Antes de terminarmos a conversa, aconselhou-me a arranjar, com carácter de
urgência, uma mulher para casar, formando assim a desejada família, "pabia
idade na bai djá Térsio", encerrava advertidamente. Registei a pertinente
chamada de atenção, garantindo-lhe que envidarei esforços nesse sentido.
O tio Duarte Vieira, membro mais novo dos
irmãos do meu pai, é pai do Crucires ("Nhontcha"), Astrides ("Antchontchi"),
Heine e dos gémeos Tales e Euler. É o Professor Matemático da família. Há
décadas que lecciona cadeiras de matemática – tanto no liceu como na
Universidade. Defendia publicamente que para se ser um bom aluno tem que se ser
bom a Matemática. Para ele tudo girava em torno dos números, fórmulas e
teoremas. É o que, nos irmãos, tem uma postura mais progressista e liberal da
vida – no bom sentido do termo. Fala muito bem e gosta de falar – sempre coisas
certeiras na generalidade de situações. Nunca foi distante. Inteirou-se sempre
dos nossos reais problemas, tal como os irmãos, procurando ajudar na medida do
possível. Tivemos com ele sempre excelentes relações. É um grande orgulho para
toda a nossa família. Tanto ele como a titia Fina Indi e tio Domingos Vieira são actualmente
pilares da nossa família. Não temos mais nenhum parentesco próximo do que eles
neste mundo. Sem eles não somos nada. Devemos-lhes tudo. Somos hoje, em última
instância, o produto do grande investimento que fizeram em nós. E estamos
gratos a DEUS por isso, bem como a eles em particular, por tudo o que têm feito
nas nossas vidas. Pedimos sempre ao Todo-poderoso DEUS que lhes conservem a
vida e saúde, livrando-lhes de todo o perigo e mal. Temos, no entanto, plena
consciência que não vamos tê-los perpetuamente connosco, mas teremos sempre a
boa educação que amorosamente nos legaram.

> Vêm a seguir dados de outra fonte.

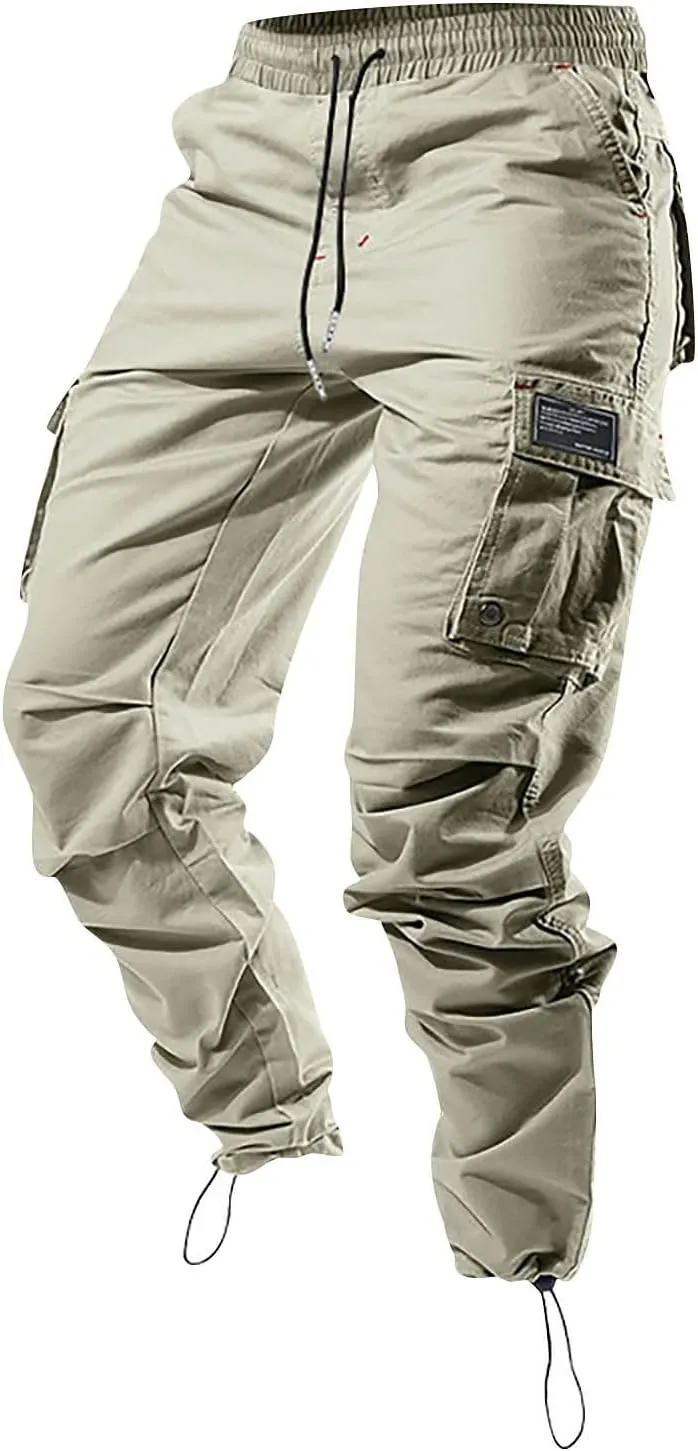 SGASY Mens Cargo Pants Water Resistant Relaxed Fit Hiking Work Pants Multi Pockets Ripstop Flex Baggy Camo Tactical Pants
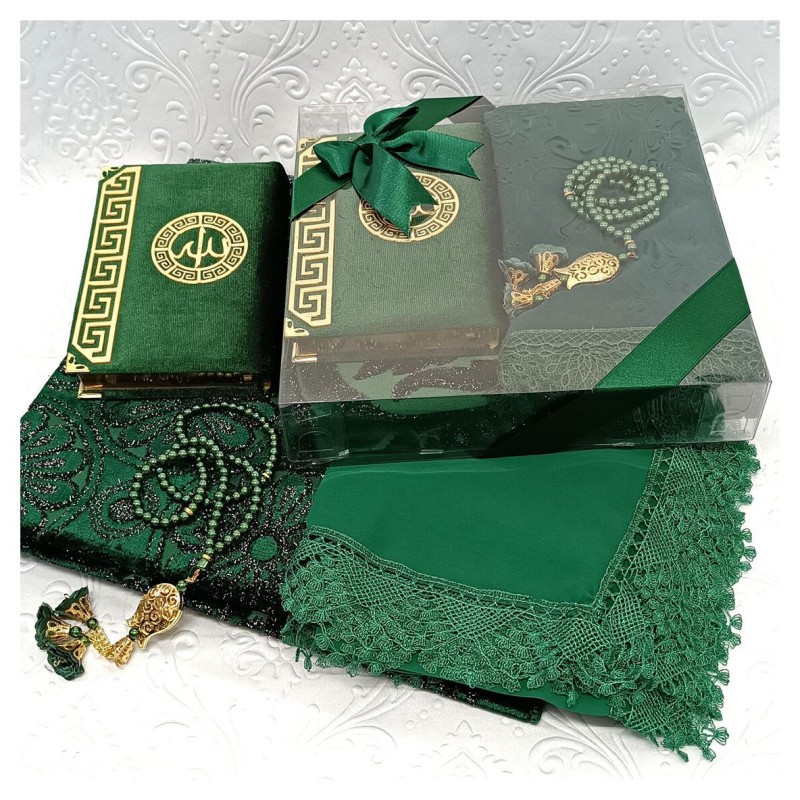 Hediyelik Lüks Gelin Seti Yeşil - Kuranı Kerim Tesbih Seccade Şal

Despedi-me anteontem a noite do meu querido
tio Domingos Vieira, que partiu rumo a Bissau, depois de ter estado
aproximadamente dois meses de férias aqui na Europa. Primeiro em Lisboa e, de
seguida, em Hamburgo, Alemanha, e, inversamente, Lisboa. Despedimo-nos com dois calorosos abraços de familiaridade,
na promessa de nos encontrarmos ainda num futuro breve. Disse-me em crioulo: "fica diritu bó" e eu respondi-lhe: "fassi bom biás. Manda nha mantenhas pá
titia Fina Indi, Duarte i pá tudu djintis lá na casa. Pá DEUS abençoa-bós tudu". E
assim, partamo-nos nostalgicamente um do outro e, ao mesmo tempo, continuando eternamente
unidos pelo mesmo cordão umbilical de sempre.